> **Listed entries**
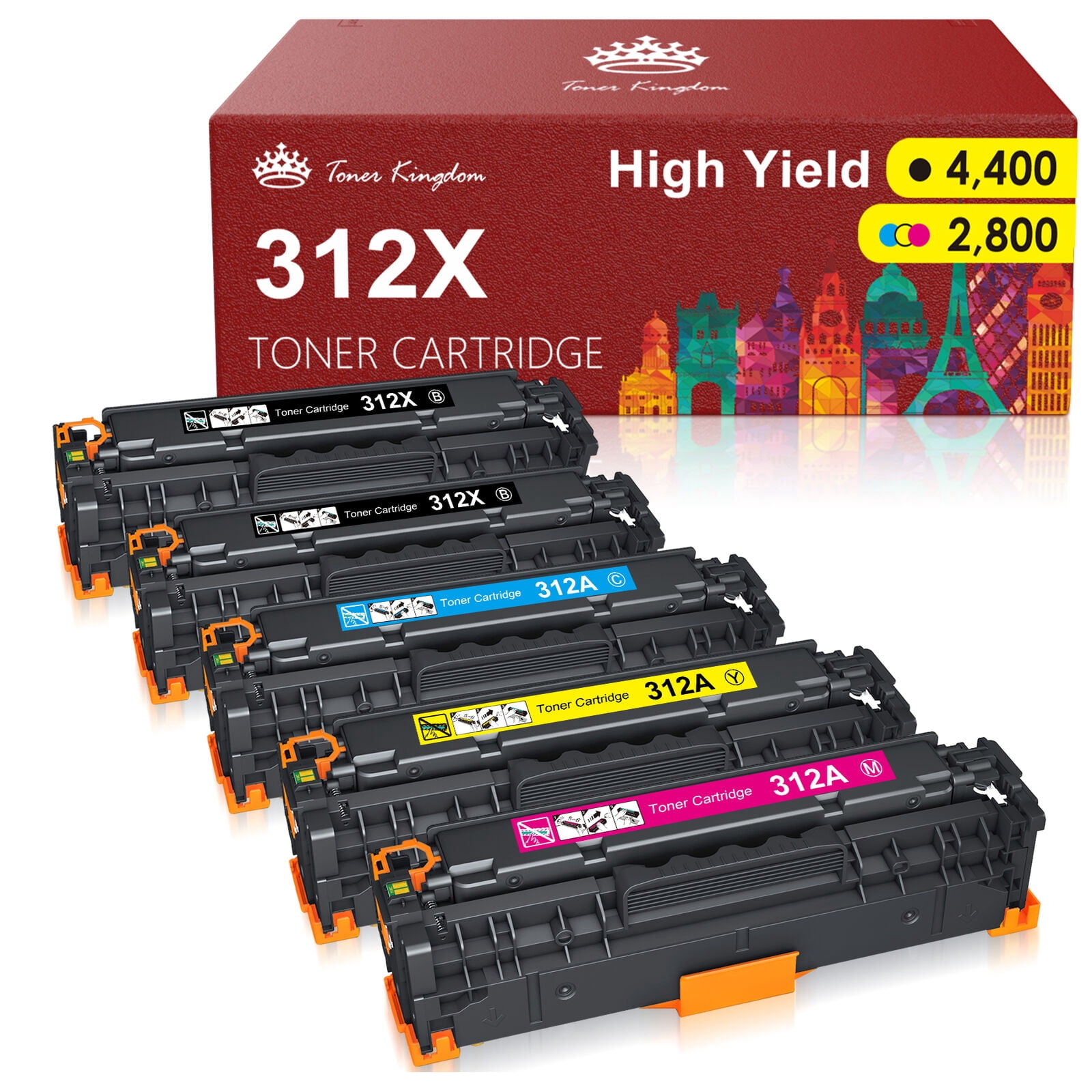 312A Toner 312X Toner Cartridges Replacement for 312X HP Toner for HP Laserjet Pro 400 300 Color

--

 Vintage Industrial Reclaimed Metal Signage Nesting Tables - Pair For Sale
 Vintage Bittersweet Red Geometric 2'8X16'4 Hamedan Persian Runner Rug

> **Problem statement**
All the lines that hold the word "Vintage" must appear in the answer, copied from the records.

> **Reply to the task**
 Vintage Industrial Reclaimed Metal Signage Nesting Tables - Pair For Sale
 Vintage Bittersweet Red Geometric 2'8X16'4 Hamedan Persian Runner Rug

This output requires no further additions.